_DATA EXCERPT_
--- START ---
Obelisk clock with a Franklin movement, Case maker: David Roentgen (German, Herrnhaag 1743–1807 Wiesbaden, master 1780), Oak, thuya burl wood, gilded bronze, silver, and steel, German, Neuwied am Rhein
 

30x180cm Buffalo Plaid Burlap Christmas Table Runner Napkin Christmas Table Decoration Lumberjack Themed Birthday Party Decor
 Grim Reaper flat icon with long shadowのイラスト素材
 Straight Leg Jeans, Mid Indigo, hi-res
--- END ---
_ACTIVITY_
Wherever the string "with" appears in the data above, copy the line it sits in.

_RESULT OF THE TASK_
Obelisk clock with a Franklin movement, Case maker: David Roentgen (German, Herrnhaag 1743–1807 Wiesbaden, master 1780), Oak, thuya burl wood, gilded bronze, silver, and steel, German, Neuwied am Rhein
 Grim Reaper flat icon with long shadowのイラスト素材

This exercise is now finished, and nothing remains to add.